### Input records:
━━━━━━

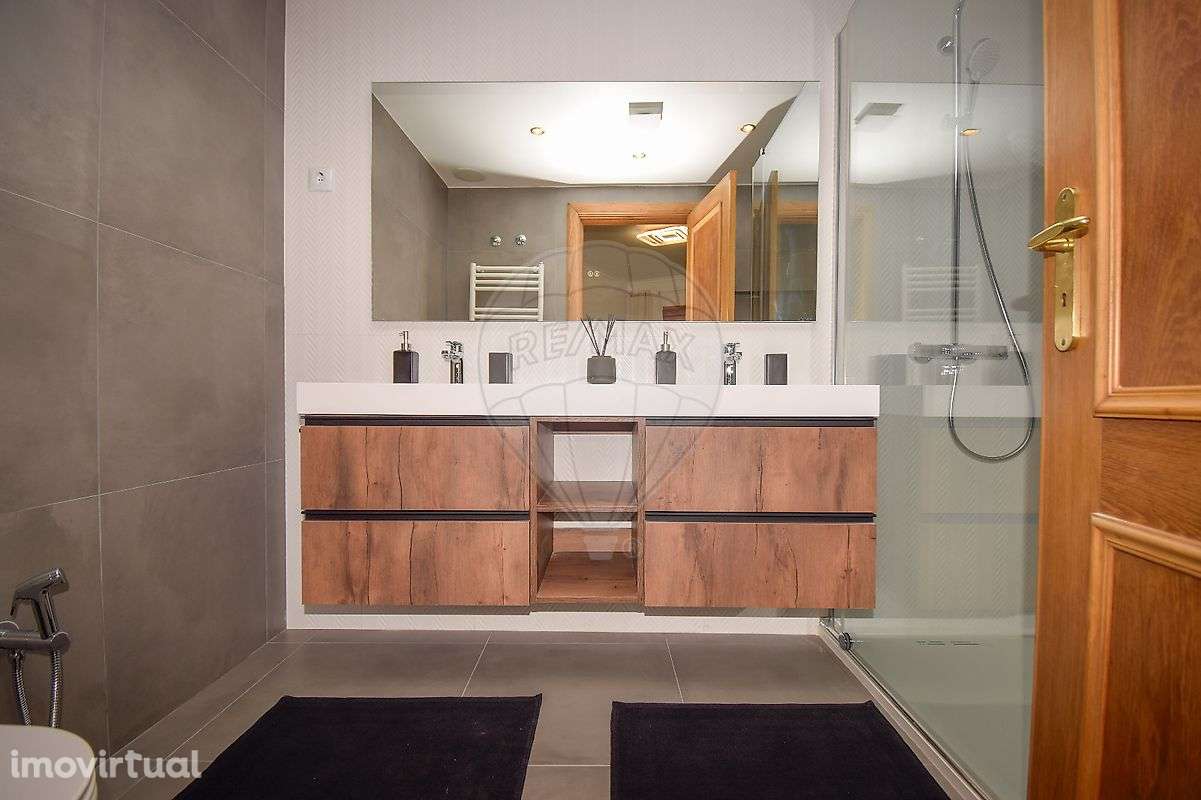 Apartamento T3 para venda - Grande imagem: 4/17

━━━━━━

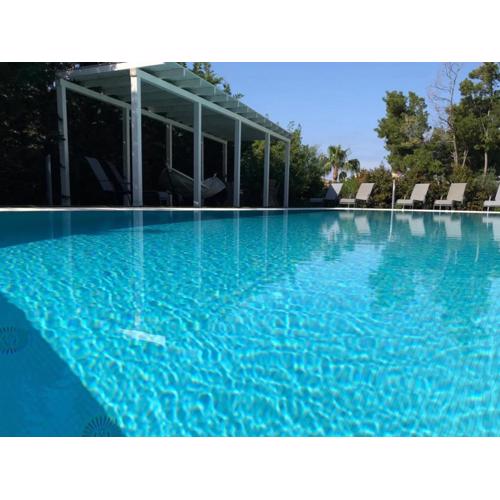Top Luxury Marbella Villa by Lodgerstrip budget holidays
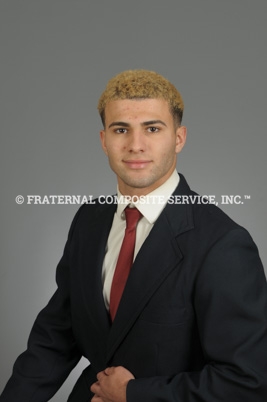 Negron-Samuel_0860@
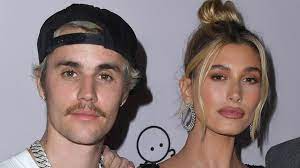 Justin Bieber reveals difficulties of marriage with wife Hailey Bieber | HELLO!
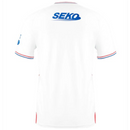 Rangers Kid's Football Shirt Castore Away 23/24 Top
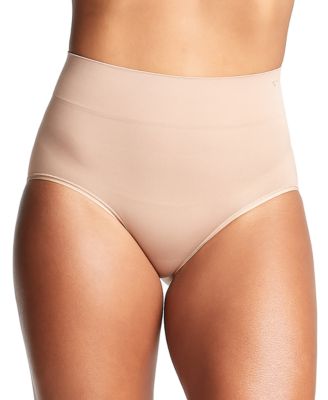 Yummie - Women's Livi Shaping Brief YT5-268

━━━━━━

### Assignment:
Although the records above contain pictures, the copy must not; set down exactly the lines from the one with "Top Luxury Marbella" up to and including the one with "Yummie - Women's Livi Shaping Brief YT5-268".

### Finished task:
Top Luxury Marbella Villa by Lodgerstrip budget holidays
 Negron-Samuel_0860@
 Justin Bieber reveals difficulties of marriage with wife Hailey Bieber | HELLO!
 Rangers Kid's Football Shirt Castore Away 23/24 Top
 Yummie - Women's Livi Shaping Brief YT5-268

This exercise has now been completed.